----- Data extracts -----
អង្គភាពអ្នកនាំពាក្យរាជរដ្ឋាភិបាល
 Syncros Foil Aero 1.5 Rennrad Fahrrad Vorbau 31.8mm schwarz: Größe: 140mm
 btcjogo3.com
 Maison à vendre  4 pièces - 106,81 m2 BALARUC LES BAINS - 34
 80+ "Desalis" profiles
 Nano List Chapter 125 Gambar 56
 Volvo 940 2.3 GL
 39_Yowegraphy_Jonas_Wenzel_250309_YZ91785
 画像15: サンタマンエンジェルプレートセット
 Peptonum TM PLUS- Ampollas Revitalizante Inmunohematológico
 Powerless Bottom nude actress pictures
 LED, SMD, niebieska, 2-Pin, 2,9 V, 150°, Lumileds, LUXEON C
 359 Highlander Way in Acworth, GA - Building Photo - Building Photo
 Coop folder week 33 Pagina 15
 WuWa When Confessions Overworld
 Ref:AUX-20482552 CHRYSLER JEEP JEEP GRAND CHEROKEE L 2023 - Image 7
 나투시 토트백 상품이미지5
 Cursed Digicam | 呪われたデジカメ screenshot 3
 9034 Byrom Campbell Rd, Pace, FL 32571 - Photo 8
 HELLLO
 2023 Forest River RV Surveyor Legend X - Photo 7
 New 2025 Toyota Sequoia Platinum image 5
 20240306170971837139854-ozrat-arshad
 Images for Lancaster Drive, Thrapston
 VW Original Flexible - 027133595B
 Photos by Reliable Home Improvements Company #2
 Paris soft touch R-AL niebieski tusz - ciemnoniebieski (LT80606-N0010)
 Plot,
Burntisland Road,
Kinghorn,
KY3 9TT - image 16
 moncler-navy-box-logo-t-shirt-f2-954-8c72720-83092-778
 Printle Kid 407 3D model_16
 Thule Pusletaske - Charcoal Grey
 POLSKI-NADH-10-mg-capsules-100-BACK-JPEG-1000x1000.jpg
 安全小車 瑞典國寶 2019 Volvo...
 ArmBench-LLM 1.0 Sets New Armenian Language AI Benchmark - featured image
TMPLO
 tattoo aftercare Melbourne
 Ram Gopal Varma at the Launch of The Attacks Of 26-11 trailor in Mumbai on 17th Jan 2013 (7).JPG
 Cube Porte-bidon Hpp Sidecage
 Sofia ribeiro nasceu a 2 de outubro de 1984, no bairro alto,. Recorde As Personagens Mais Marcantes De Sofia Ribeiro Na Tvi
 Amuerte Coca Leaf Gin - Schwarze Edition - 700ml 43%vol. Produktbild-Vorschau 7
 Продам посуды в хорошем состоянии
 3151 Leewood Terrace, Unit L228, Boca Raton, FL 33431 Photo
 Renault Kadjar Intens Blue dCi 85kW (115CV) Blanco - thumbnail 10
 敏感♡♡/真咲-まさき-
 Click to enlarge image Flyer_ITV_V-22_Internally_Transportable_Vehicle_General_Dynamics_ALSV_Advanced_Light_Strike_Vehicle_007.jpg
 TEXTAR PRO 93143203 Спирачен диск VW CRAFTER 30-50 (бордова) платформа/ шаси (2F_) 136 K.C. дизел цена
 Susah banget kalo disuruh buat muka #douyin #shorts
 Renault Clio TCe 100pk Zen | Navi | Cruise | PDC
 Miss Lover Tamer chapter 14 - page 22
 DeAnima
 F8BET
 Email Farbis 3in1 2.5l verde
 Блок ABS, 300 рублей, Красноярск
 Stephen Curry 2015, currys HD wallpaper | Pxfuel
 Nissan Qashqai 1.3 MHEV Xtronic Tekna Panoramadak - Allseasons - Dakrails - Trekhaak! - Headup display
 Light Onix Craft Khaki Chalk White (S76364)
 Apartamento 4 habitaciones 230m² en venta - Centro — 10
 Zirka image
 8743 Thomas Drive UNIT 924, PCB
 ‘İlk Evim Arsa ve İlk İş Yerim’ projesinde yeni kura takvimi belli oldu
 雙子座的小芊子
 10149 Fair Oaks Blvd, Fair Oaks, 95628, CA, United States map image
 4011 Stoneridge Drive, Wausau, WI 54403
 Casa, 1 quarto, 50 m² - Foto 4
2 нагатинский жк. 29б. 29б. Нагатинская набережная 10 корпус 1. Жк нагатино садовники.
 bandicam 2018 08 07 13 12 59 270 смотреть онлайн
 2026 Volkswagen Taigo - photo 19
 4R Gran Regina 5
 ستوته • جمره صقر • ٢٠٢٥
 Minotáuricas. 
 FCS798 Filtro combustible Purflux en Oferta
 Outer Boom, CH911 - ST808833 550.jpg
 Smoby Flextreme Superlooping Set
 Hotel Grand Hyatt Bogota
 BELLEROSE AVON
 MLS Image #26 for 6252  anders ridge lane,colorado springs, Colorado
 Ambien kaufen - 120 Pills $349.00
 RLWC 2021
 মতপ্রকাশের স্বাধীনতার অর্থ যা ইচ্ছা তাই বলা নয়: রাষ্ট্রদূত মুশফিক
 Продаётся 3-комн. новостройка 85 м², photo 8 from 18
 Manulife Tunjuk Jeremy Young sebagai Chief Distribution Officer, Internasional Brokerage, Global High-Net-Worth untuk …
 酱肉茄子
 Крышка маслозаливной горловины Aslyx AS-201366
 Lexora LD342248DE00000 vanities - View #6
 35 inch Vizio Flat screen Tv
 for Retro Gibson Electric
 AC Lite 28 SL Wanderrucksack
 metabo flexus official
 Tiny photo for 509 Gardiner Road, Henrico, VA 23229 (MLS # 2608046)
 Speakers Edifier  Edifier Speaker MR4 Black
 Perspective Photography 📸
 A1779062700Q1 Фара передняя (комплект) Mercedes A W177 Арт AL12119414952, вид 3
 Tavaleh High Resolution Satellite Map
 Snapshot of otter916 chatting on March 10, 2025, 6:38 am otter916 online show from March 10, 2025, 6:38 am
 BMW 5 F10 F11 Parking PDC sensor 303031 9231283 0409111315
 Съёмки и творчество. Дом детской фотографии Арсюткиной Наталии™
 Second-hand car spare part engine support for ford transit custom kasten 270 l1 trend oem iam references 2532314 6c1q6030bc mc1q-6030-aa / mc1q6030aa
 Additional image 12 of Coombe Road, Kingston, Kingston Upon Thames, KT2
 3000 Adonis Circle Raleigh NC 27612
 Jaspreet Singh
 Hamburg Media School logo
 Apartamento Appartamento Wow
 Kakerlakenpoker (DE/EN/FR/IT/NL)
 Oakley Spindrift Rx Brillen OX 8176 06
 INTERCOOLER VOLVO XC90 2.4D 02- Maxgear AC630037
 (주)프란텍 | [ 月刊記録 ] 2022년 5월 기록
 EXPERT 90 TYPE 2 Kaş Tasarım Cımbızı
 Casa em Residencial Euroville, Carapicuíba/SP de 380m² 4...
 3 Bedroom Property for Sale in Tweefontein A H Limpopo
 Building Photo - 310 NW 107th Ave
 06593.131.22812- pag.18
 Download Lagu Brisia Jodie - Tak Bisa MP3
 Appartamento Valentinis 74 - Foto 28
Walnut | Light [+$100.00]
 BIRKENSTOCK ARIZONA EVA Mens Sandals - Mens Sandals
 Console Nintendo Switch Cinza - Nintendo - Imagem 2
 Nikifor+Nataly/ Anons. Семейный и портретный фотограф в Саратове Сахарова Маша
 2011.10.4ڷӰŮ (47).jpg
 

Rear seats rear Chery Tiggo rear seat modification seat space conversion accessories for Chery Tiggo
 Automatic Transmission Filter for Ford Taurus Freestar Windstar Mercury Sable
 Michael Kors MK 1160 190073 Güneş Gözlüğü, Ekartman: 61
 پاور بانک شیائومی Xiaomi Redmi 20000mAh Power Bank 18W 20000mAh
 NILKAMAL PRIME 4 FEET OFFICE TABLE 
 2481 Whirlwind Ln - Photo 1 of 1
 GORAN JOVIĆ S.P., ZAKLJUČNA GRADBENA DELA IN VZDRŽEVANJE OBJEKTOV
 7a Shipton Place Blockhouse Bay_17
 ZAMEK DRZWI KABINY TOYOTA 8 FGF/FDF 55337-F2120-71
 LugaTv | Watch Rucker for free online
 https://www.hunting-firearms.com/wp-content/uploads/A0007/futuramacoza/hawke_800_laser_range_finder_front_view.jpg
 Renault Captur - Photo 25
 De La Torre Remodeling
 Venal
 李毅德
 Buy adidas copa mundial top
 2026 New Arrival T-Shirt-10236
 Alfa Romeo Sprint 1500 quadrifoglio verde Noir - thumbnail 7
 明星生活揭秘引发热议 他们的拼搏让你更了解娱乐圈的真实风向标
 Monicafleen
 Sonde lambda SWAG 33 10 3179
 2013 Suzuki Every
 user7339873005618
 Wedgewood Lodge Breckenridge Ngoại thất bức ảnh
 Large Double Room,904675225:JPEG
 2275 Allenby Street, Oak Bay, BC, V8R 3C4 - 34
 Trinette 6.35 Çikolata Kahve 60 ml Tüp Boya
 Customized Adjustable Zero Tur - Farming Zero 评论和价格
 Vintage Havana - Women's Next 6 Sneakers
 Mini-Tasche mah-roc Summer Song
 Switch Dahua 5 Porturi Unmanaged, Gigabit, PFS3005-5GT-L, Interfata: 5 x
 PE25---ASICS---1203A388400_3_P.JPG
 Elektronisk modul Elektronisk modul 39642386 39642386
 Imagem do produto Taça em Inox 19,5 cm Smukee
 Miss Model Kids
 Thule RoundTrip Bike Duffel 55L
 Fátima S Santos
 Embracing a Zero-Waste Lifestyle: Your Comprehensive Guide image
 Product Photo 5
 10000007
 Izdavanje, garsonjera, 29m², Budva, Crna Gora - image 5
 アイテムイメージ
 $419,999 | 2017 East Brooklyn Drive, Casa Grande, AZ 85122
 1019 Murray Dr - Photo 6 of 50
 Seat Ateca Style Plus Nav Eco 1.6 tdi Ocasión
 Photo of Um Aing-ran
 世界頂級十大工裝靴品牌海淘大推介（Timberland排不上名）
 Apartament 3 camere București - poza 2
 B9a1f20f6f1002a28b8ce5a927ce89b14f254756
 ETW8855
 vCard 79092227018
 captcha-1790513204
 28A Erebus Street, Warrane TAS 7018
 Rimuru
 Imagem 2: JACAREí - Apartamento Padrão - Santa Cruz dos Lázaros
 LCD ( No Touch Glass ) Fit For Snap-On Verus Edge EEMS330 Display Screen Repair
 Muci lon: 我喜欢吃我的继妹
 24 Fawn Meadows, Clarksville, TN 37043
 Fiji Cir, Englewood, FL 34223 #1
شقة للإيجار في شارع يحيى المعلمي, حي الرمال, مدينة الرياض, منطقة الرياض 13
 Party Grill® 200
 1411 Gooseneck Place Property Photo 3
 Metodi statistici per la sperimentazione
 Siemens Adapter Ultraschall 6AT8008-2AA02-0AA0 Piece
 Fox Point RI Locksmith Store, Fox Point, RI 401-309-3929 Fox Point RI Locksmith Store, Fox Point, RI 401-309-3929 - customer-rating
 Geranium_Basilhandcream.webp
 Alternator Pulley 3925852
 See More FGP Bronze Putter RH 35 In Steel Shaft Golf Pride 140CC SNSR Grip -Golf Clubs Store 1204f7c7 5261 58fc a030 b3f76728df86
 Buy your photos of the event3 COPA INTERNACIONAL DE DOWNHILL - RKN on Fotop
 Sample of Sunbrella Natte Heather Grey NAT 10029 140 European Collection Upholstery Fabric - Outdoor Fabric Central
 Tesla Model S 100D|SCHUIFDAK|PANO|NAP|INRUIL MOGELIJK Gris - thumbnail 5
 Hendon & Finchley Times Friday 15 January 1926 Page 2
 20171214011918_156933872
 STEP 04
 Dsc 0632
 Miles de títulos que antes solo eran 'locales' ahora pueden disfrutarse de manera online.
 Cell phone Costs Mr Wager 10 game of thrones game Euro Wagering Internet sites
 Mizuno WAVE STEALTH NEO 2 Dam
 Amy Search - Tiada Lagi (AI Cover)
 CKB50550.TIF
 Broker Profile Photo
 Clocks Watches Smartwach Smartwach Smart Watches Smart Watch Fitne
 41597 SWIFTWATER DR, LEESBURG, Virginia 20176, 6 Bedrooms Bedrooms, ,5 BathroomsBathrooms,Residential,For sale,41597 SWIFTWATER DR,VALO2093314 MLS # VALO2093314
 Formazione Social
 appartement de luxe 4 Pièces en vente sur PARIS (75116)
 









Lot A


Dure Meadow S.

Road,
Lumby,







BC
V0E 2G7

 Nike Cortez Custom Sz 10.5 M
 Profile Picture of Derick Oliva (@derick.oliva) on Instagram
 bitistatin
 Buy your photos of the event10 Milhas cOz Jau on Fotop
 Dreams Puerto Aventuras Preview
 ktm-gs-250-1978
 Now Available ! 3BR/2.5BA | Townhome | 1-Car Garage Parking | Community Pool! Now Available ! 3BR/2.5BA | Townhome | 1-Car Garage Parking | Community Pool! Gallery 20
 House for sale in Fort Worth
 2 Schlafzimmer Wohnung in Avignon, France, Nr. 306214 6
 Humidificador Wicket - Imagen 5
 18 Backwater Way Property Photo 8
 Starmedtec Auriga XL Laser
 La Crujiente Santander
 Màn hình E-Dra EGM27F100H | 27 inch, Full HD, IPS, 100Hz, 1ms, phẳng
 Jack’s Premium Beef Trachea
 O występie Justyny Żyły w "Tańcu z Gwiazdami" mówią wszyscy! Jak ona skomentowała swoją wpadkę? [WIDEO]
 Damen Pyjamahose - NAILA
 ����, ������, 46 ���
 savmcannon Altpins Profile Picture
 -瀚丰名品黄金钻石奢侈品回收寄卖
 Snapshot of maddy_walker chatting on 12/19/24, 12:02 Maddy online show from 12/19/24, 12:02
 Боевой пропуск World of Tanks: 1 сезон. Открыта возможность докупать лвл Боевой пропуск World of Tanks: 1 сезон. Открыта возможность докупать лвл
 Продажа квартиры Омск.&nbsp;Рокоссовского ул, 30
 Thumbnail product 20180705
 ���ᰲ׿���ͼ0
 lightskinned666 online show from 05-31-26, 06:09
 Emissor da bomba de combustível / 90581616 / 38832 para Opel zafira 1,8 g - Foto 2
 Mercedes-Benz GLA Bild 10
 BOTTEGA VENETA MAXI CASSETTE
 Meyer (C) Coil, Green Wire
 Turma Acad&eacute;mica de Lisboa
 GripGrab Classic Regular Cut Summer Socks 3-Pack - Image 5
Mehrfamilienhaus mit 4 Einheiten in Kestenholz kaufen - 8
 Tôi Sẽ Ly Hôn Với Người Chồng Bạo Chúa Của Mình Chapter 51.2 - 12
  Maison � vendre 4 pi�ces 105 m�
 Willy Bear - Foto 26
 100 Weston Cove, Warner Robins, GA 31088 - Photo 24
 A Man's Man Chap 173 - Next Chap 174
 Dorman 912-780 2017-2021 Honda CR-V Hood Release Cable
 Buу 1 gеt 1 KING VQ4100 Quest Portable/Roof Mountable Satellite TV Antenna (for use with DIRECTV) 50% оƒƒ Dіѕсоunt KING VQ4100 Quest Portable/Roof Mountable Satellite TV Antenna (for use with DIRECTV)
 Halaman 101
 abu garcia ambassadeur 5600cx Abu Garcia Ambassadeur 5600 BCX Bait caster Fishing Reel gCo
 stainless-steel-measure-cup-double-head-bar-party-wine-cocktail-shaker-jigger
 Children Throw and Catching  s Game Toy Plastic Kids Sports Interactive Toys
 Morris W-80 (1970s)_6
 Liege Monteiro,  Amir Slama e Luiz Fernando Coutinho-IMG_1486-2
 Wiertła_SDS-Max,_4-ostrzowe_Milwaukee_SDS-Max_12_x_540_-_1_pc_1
-----
_Exercise_:
Restate exactly each line of the data from the one bearing "Children Throw and" to the end, and add nothing.

_Task solution_:
 Children Throw and Catching  s Game Toy Plastic Kids Sports Interactive Toys
 Morris W-80 (1970s)_6
 Liege Monteiro,  Amir Slama e Luiz Fernando Coutinho-IMG_1486-2
 Wiertła_SDS-Max,_4-ostrzowe_Milwaukee_SDS-Max_12_x_540_-_1_pc_1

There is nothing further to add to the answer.